# My Dobermans & a Chihuahua



## KelliCZ (Aug 1, 2008)

Hi everyone 
I don't post often enough around here but I do lurk often  

I just wanted to share some pics of my 3 

Rogan is an Albino doberman he is almost 2 I just adopted him earlier this month




























Toula is a 3 1/2 year old adopted in Nov 08



















and their older brother Bear Bear he is 10


----------



## MissMutt (Aug 8, 2008)

Long time no see! Congrats on the new addition! It's great to see your pack. 

Didn't you have a fawn dobe in the past, too?


----------



## yappypappymom (Oct 22, 2009)

It is always to see that the "pack leader" can be the size of a sneaker!! LOL..Nice, happy bunch you have there


----------



## CoverTune (Mar 11, 2007)

I've never even HEARD of a fawn doberman, let alone seen one, that is SO cool!!! (Ya, I'm pretty easily amused lol)

Great looking dogs, all of them.. hope you'll post lots more pictures!


----------



## Hallie (Nov 9, 2008)

The last two pics are so cute!


----------



## pugmom (Sep 10, 2008)

awwwe...Rogan is so handsome....not as light as some other albino I've seen...that must be good

Love big and small mix dog families LOL


----------



## DogLoverStore (Feb 21, 2010)

Rogan is gorgeous, very unique ..nice camera shots by the way!


----------



## Keechak (Aug 10, 2008)

He's pretty but is he really Albino? I mean he has the red/pink eyes and everything? I've never seen an Albino dog but I know there are people breeding white dobermans(non albino).


----------



## KelliCZ (Aug 1, 2008)

MissMutt said:


> Long time no see! Congrats on the new addition! It's great to see your pack.
> 
> Didn't you have a fawn dobe in the past, too?


 
Yes I did my fawn baby Casper went to the bridge in January - he had some major temperment issues that we weren't able to safely overcome


----------



## KelliCZ (Aug 1, 2008)

Keechak said:


> He's pretty but is he really Albino? I mean he has the red/pink eyes and everything? I've never seen an Albino dog but I know there are people breeding white dobermans(non albino).


 
All "white" dobermans are albino - I'll try to find info that explains it better than I can. If I were to DNA color test him (which is available for dobermans) he would come back as one of the 4 allowed colors (Black, Red, Fawn or Blue) but the defective gene that causes the albinism is masking his true color.


----------



## KelliCZ (Aug 1, 2008)

CoverTune said:


> I've never even HEARD of a fawn doberman, let alone seen one, that is SO cool!!! (Ya, I'm pretty easily amused lol)
> 
> Great looking dogs, all of them.. hope you'll post lots more pictures!


 
This is Casper he is a fawn - it is a dilute of the red dobermans in reality they look more colored like weimeraners



















This is Eric a fawn puppy I fostered


----------



## KelliCZ (Aug 1, 2008)

Info on Albino or "white" dobermans 

THE ALBINO DOBERMAN

In the mid 1970's, there occurred a spontaneous MUTATION in a litter sired by RASPUTIN VI and the dam DYNAMO HUMM---this was a "WHITE APPEARING" female that was eventually registered by the AKC as a "white", named PADULA'S QUEEN SHEBA. Sheba was the first "Albino" Doberman ever registered by the AKC. Testing on Sheba's hair and test breedings with Sheba's offspring have proven that she is "A TYROSINE POSITIVE ALBINO" and NOT WHITE at all. She was erroneously registered by the AKC as such.

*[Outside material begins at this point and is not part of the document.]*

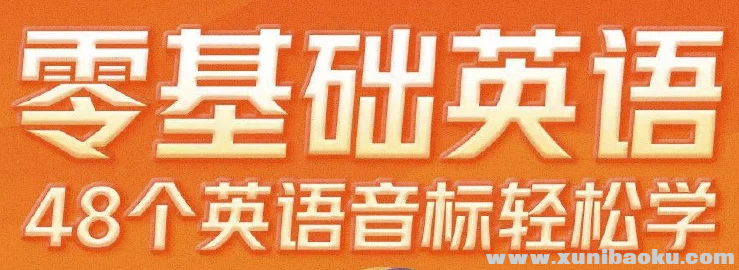 1745161579-929954-image.png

*A "WHITE" dog has dark eyes, skin, nose and dark pigment. The "ALBINO" has pink skin, nose, blue eyes (or light yellow in a few specimens). The Albinos have "photosensitivity" to sunlight. *They have problems related to sight due to this problem. This can be reflected 
in temperament or insecurity problems.
*
The DPCA has the warning and recommendation that these Dobermans with blue eyes, pink skin, nose and pads, are "ALBINO'S" and should NOT BE BRED, and the trait not be proliferated or propagated. Albino is a "Deleterious Genetic Mutation" and carries with it many traits that are harmful and not conducive to proper Doberman temperament and health. *


REMEMBER---ALBINO is not a color---it is a GENETIC CONDITION that is not now, or ever has been in the past---including back to the formational years when the breed was being developed by Louis Dobermann---something that is desirable, sought after or considered good for a Doberman guard or personal protection dog. There are breeders that seek to "make money" and "exploit" the Doberman by telling the "PUBLIC" that the Albino is "RARE" and WORTH MORE THAN NORMAL COLORED DOBERMANS. Please study the information here and on various other sites about the Albino Doberman, before you make an uninformed choice and possibly a mistake in choosing an Albino. The DPCA's position on the ALBINO is that it should not be bred, promoted or propagated and should be given Limited Registration. 

submitted by 
Theresa Mullen 
DPCA Public Education Committee


----------



## Keechak (Aug 10, 2008)

KelliCZ said:


> All "white" dobermans are albino - I'll try to find info that explains it better than I can. If I were to DNA color test him (which is available for dobermans) he would come back as one of the 4 allowed colors (Black, Red, Fawn or Blue) but the defective gene that causes the albinism is masking his true color.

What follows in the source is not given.